Records provided:

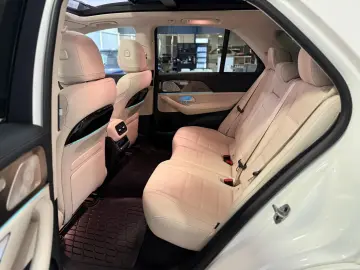 GLE 350 de AMG-Line  AIR DIST 360 PANO STHZ HUD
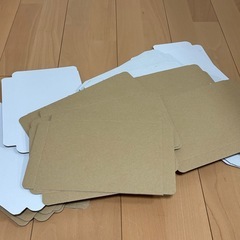 【無料】色付きダルボールの切れ端 の画像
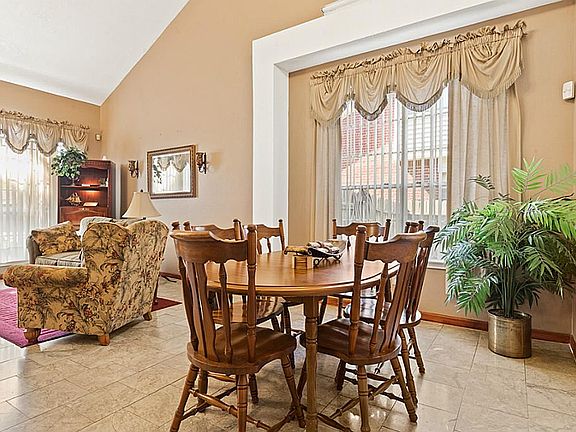 5th image of 3622 Brookwood Dr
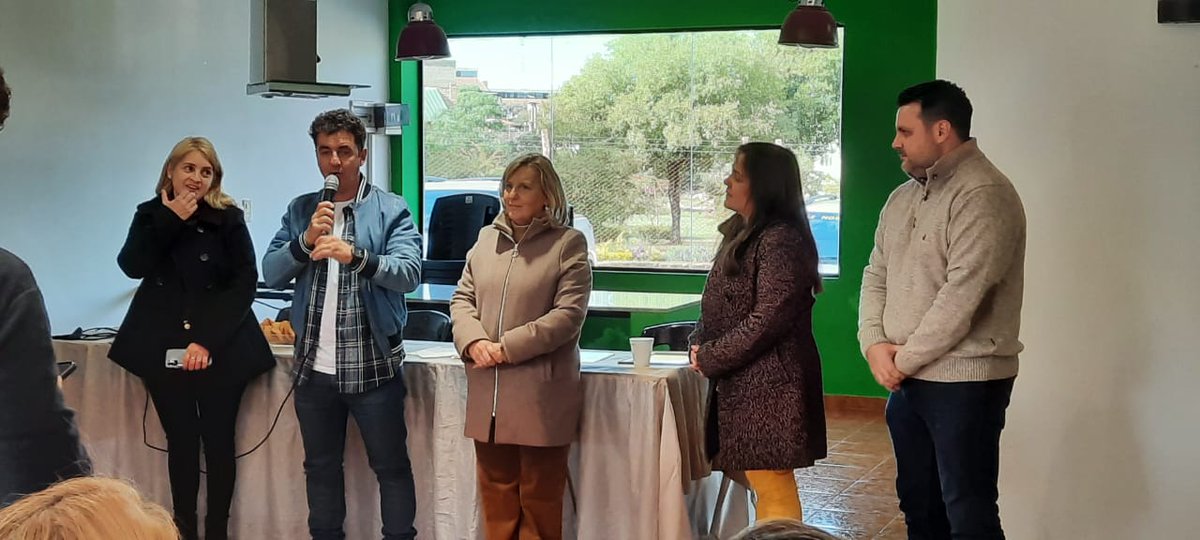 Gracias IPLIC por estar en Apóstoles por la 4ta Fiesta provincial de Gurises Felices con los NENI, por la entrega de mobiliarios y cuentos !!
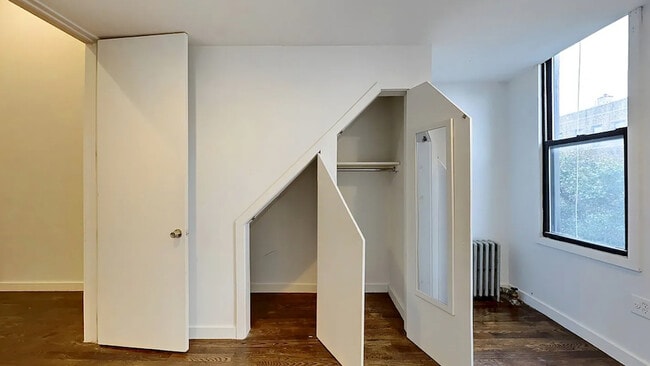 Photo - 886 Franklin Ave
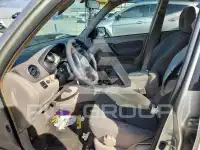 2001 Toyota RAV4 photo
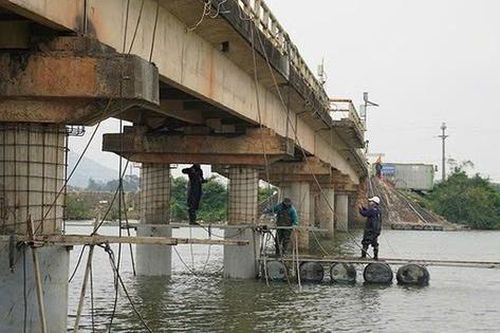 Cho phép lưu thông xe cơ giới từ 3,5 tấn trở xuống qua cầu sông Thai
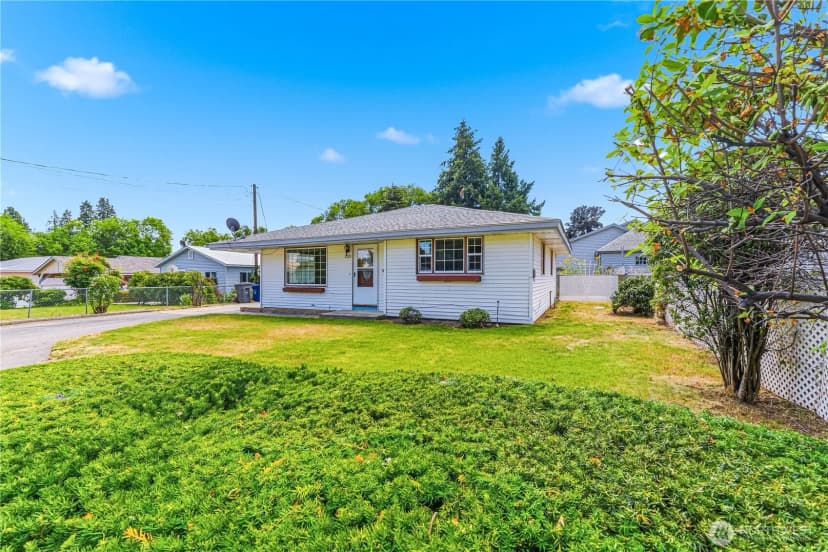 Property photo for 1325 9th Street, Wenatchee photo 3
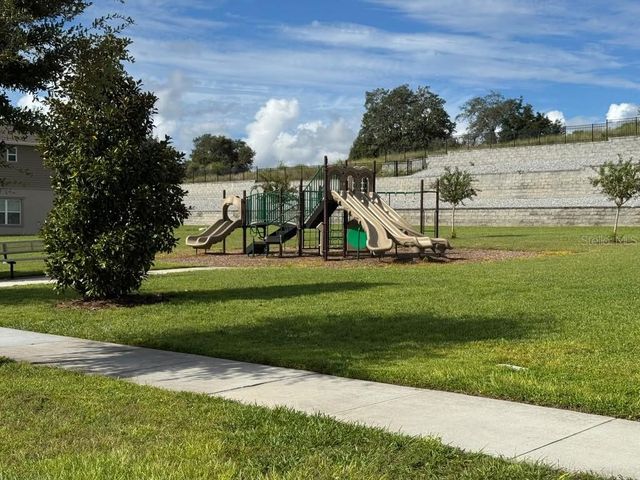 9448 WESTSIDE HILLS DRIVE, Davenport, FL 33896
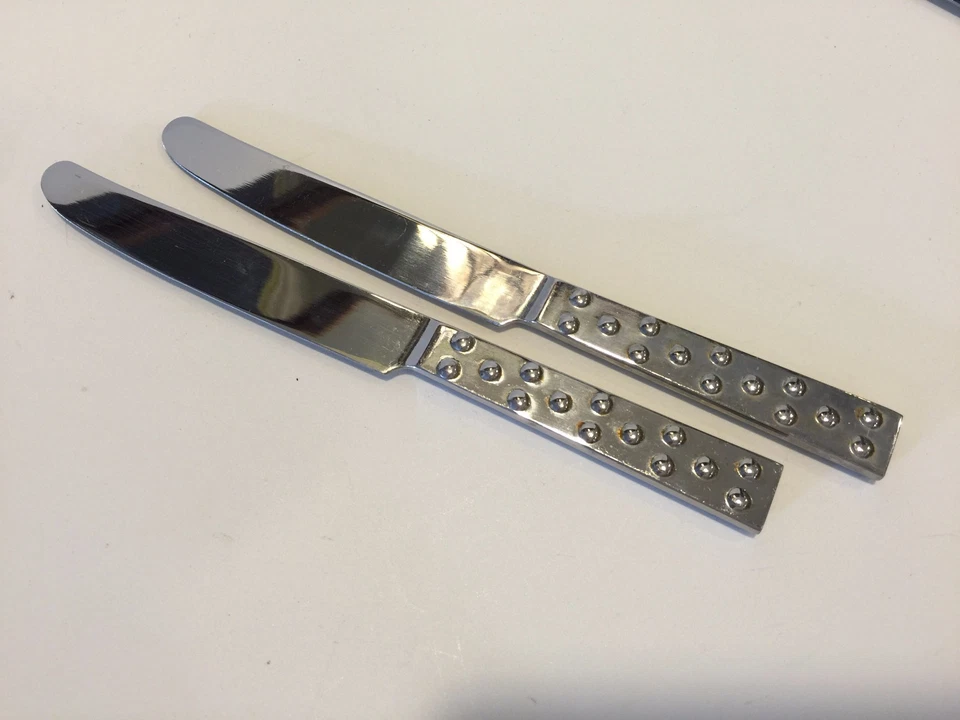 2 cuchillos de cena Libbey de acero inoxidable con patrón de puntos, hechos en Corea, 8 1/2" de largo Foto 1 de 3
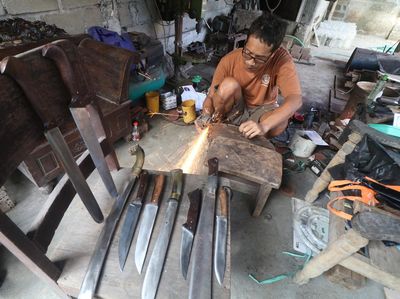 Pisau Tajam dari Limbah Logam, Karya Kreatif Perajin Kediri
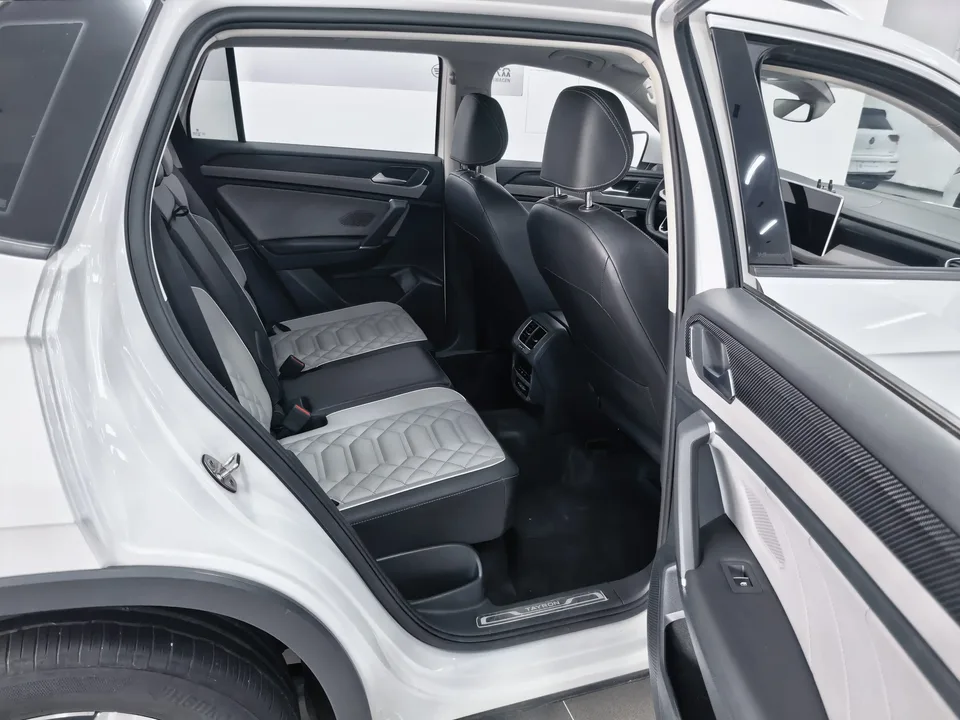 Volkswagen Tayron Tanyue 2023 300TSI 2WD Luxury Plus Advanced Edition 2024 — миниатюра 5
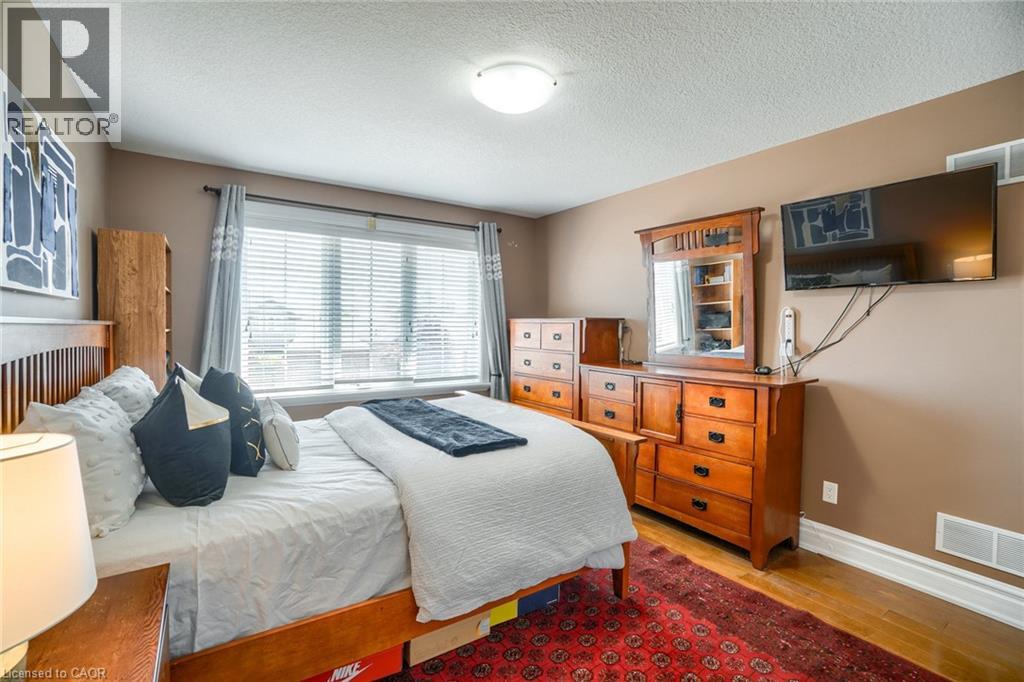 2011 Tyson Walk, London, Ontario  N6K 0C4 - Photo 31 - 40750316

What is needed: Your answer must be an exact copy of the records above, with every picture left out.

Response for this exercise:
 GLE 350 de AMG-Line  AIR DIST 360 PANO STHZ HUD
 【無料】色付きダルボールの切れ端 の画像
 5th image of 3622 Brookwood Dr
 Gracias IPLIC por estar en Apóstoles por la 4ta Fiesta provincial de Gurises Felices con los NENI, por la entrega de mobiliarios y cuentos !!
 Photo - 886 Franklin Ave
 2001 Toyota RAV4 photo
 Cho phép lưu thông xe cơ giới từ 3,5 tấn trở xuống qua cầu sông Thai
 Property photo for 1325 9th Street, Wenatchee photo 3
 9448 WESTSIDE HILLS DRIVE, Davenport, FL 33896
 2 cuchillos de cena Libbey de acero inoxidable con patrón de puntos, hechos en Corea, 8 1/2" de largo Foto 1 de 3
 Pisau Tajam dari Limbah Logam, Karya Kreatif Perajin Kediri
 Volkswagen Tayron Tanyue 2023 300TSI 2WD Luxury Plus Advanced Edition 2024 — миниатюра 5
 2011 Tyson Walk, London, Ontario  N6K 0C4 - Photo 31 - 40750316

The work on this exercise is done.